The First Causal Evidence on the ABLE Act
A tool that works, but almost nobody uses.
The Achieving a Better Life Experience Act of 2014 lets people with disabilities save without losing SSI, Medicaid, or other means-tested benefits. The ABLE Age Adjustment Act of 2022, effective January 1, 2026, adds about 6 million newly eligible people, including approximately 1 million veterans.
Enrollment rate: under 3 percent of eligible Americans have an ABLE account, a decade after passage.
Does the policy actually improve financial outcomes for the people it reaches?
Yin (2026) uses the staggered rollout of state ABLE programs (2016 to 2026) to identify the causal effect of program availability.
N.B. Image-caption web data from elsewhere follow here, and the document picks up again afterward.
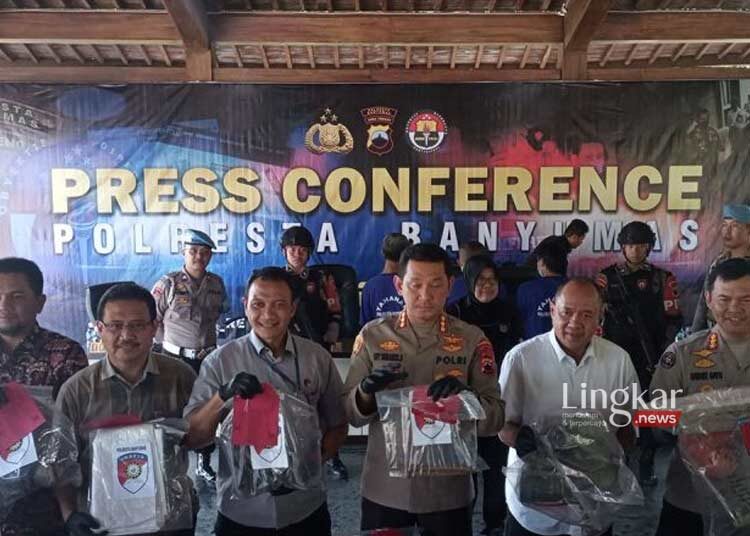 KONFERENSI PERS: Pengungkapan kasus tambang emas ilegal di Mapolresta Banyumas, Jawa Tengah. (Istimewa/Lingkar.news)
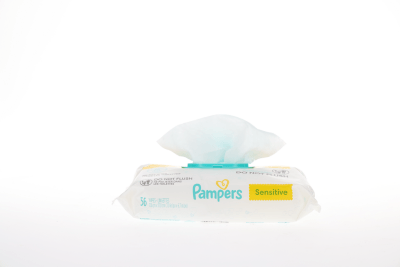 Render giratorio de un paquete de toallitas Pampers Sensitive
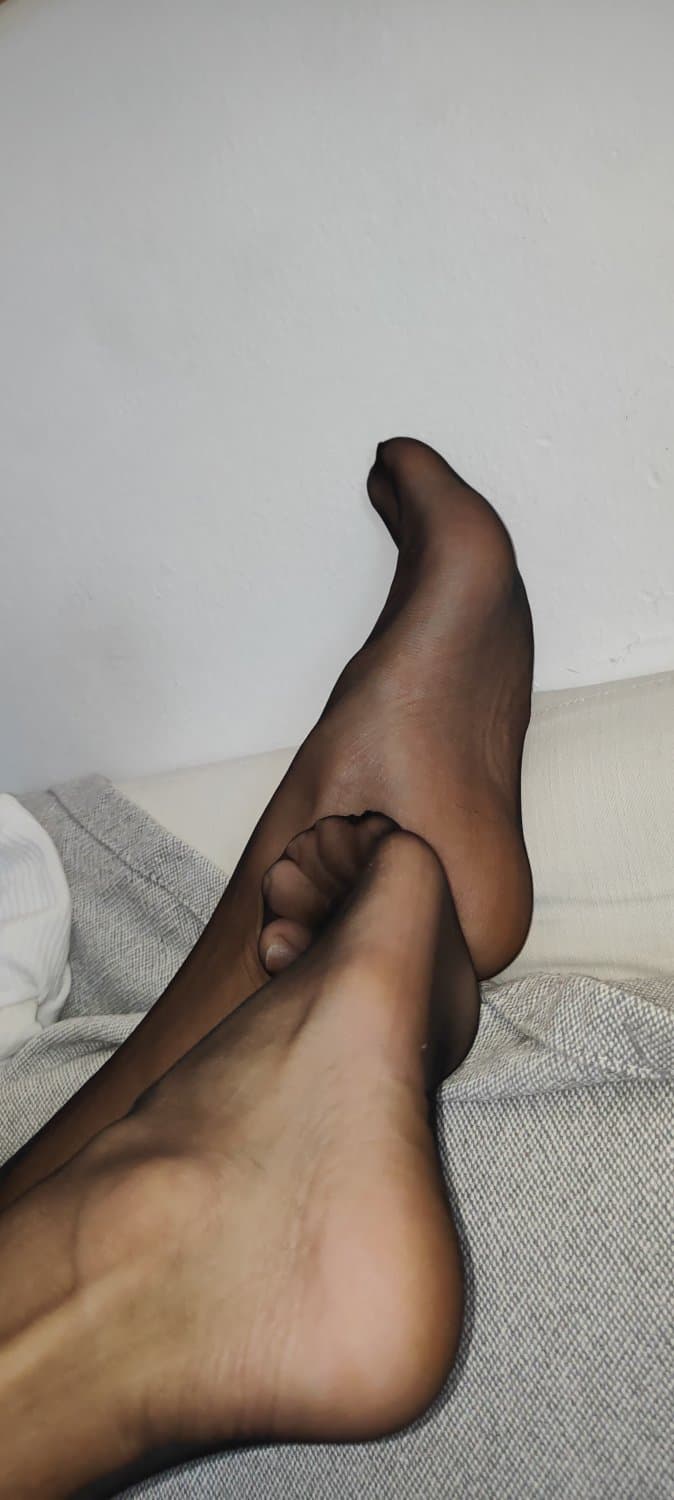Click to view full size male feet tease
States that launched their ABLE program in different years form the treatment group. Four states never adopted an ABLE program — North Dakota, South Dakota, Wisconsin, and Nevada — form the control group.
The estimator is Callaway & Sant'Anna's (2021) doubly-robust difference-in-differences, restricted to adults with disabilities. Standard errors clustered at the state level.
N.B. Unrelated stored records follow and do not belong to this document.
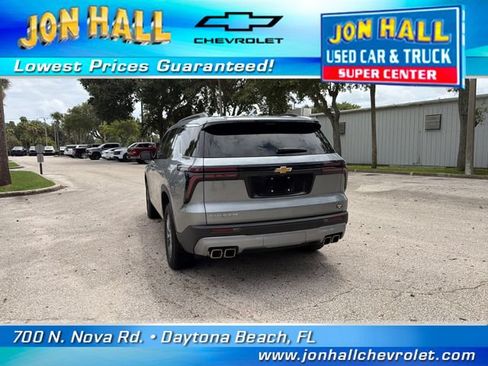 Used 2026 Chevrolet Traverse LT w/ Driver Confidence Package FWD image 7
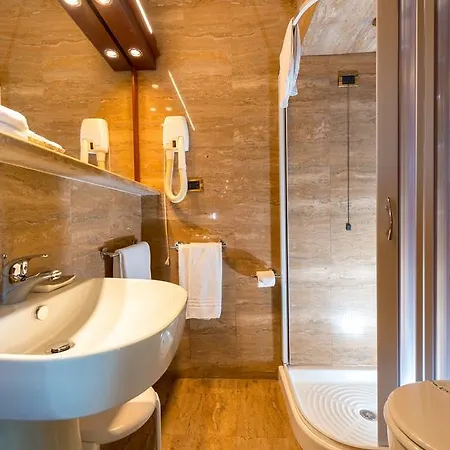 Miro' Hotel 3*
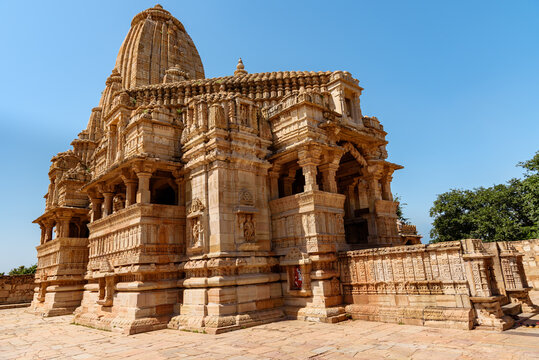 Meera Temple built it in an ornate Indo–Aryan architectural style associated with the mystic saint-poet Mirabai who was an ardent devotee of Lord Krishna and dedicated her entire life to His worship.
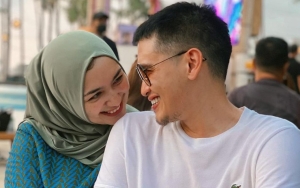 Citra Kirana Dapat Buket Bunga Usai Kode ke Rezky Aditya, Ekspresi Bete Athar Malah Bikin Salfok
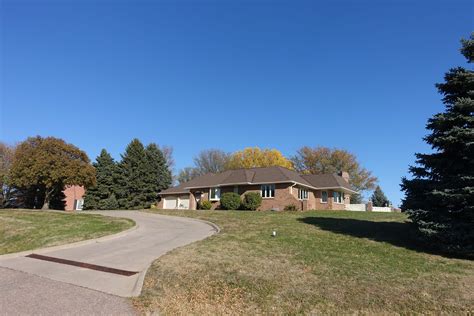 Find Property Information for 1005 E 69th Street, Kearney, NE 68847. MLS# 20230904. View Photos, Pricing, Listing Status & More.. 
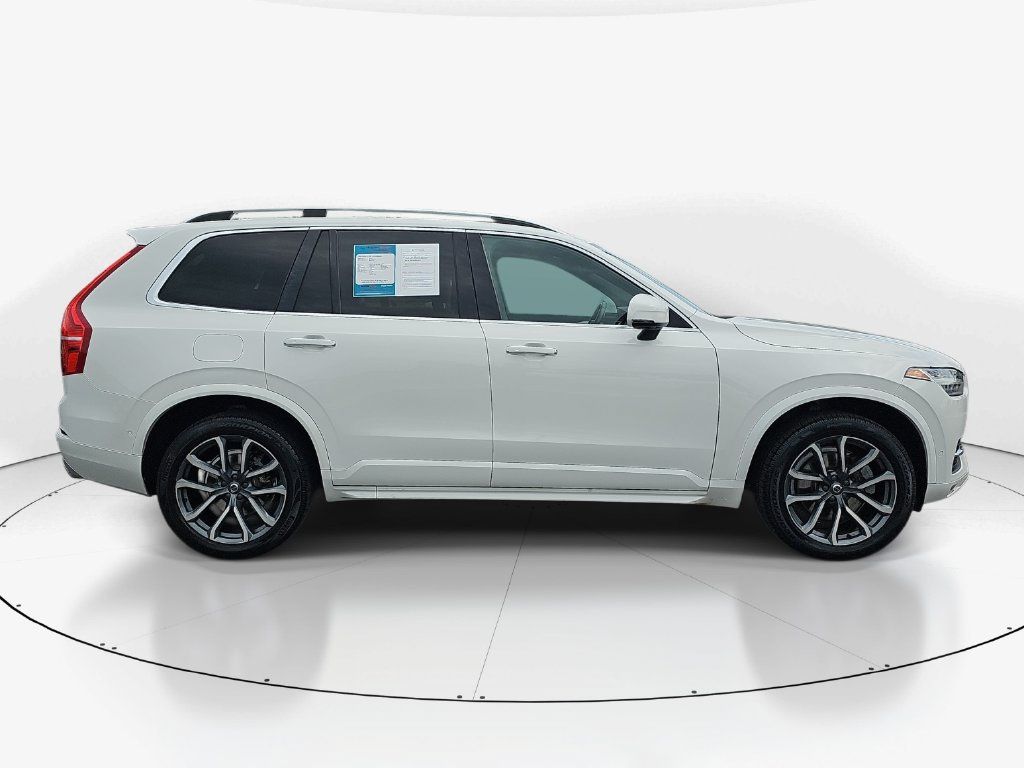 Used 2018 Volvo XC90 T6 Momentum w/ Convenience Package AWD/4WD image 5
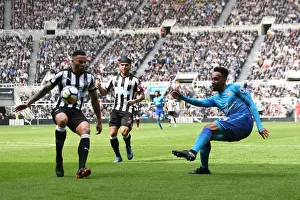 Pierre-Emerick Aubameyang (Arsenal) crosses for Alexandre Lacazette goal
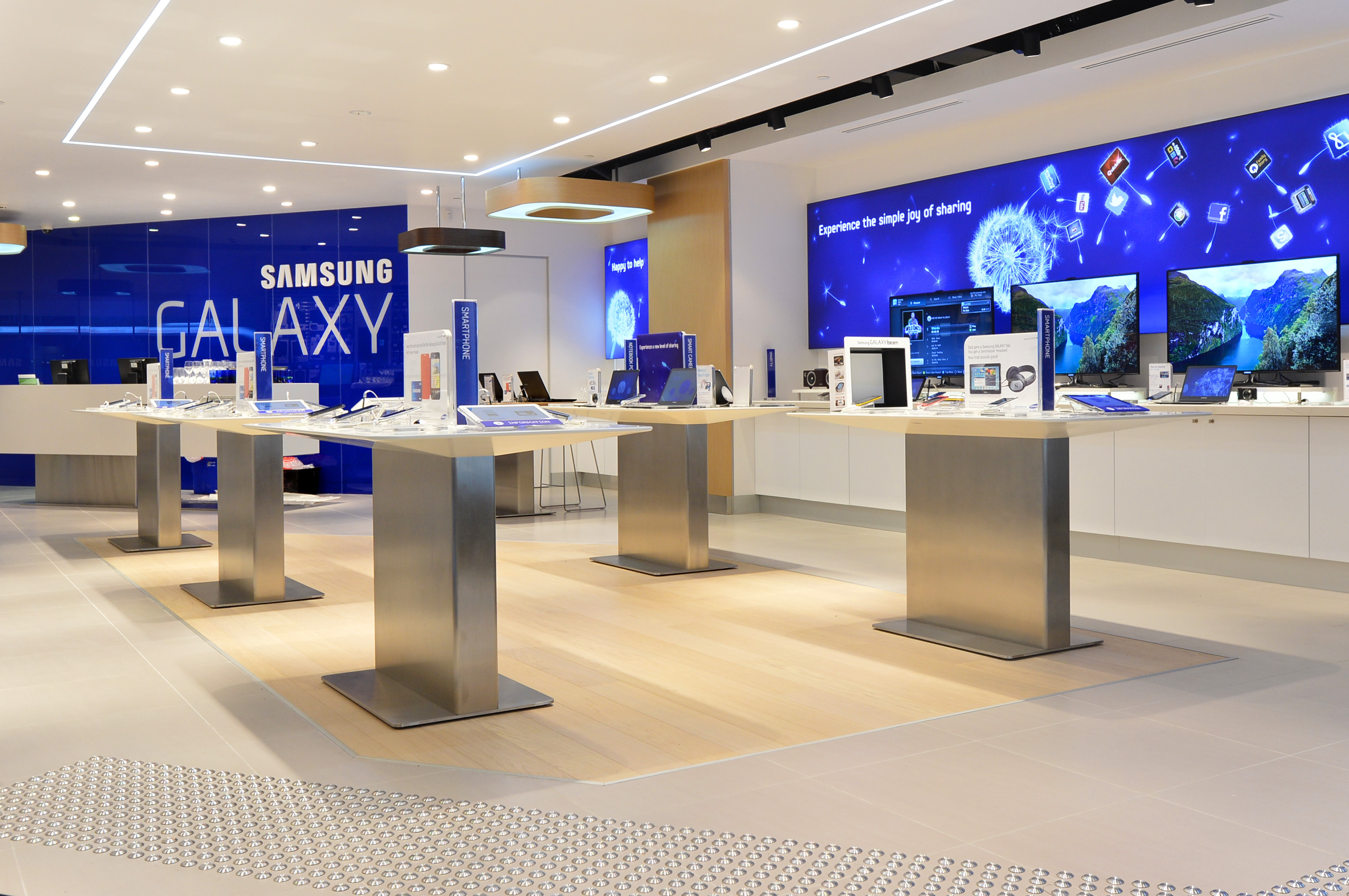 Retail Display Architecture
ABLE works. When people access it.
ABLE and Medicaid are substitutes.
The ABLE effect is largest in states that did not expand Medicaid under the Affordable Care Act (+3.6 percent disposable income), and approximately zero in states that expanded Medicaid (+0.6 percent, interaction significant at p < 0.10). Both policies relax asset-related constraints on adults with disabilities. Where one is in place, the marginal effect of the other is smaller.
Policy implication. Enrollment outreach in the ten never-expansion states (Alabama, Florida, Georgia, Kansas, Mississippi, South Carolina, Tennessee, Texas, Wisconsin, Wyoming) has the highest per-dollar marginal return on federal outreach investment.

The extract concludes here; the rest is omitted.